Meta --> name --> content. GREL expression?

Hello, OpenRefine newbie here...

I have what I think is probably a really simple question regarding GREL:

Given this in my HTML:

meta name="DC.date" content="1739"

How do I extract the DC.date "content" value ("1739")?

value.parseHtml().select("meta") gets me to all the meta tags in my HTML, but how to drill down to DC.date --> content?

Advice much appreciated,

Mark

We have a lot of great examples in our wiki that includes Recipes. Take a look in that section at the many HTML parsing recipes and see if you can work it out, and if not just reply back here and we’ll be glad to help further!

Bingo!

value.parseHtml().select("meta[name='DC.title']")[0].htmlAttr("content").toString()

OpenRefine is about the coolest thing, evah!

1 Like

Thanks! We think so also :slight_smile: :smiley: And to be fair special thanks here goes to Richard Crummy, the author of Beautiful Soup and the basis for the Jsoup library we use in OpenRefine!

Jsoup, very powerful!

Now I'm trying to figure out why this:

forEach(value.parseHtml().select("meta[name='DC.subject']").htmlAttr("content"), e, e.ownText()).join("|")

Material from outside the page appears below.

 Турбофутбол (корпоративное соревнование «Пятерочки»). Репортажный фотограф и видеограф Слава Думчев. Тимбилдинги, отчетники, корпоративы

Does not work against this:

meta name="DC.subject" lang="fre" content="Vierges Britanniques, Îles"
meta name="DC.subject" lang="fre" content="Indes occidentales danoises"
meta name="DC.subject" lang="fre" content="Anguilla, Île d'"
meta name="DC.subject" lang="fre" content="Saint-Martin, Île de"

Learning!

et viola!

forEach(value.parseHtml().select("meta[name='DC.subject']"), e, e.htmlAttr("content").toString()).join("|")

Spinning in chair,

Mark

Now you are a parsing expert and can help others! Great perseverance!

1 Like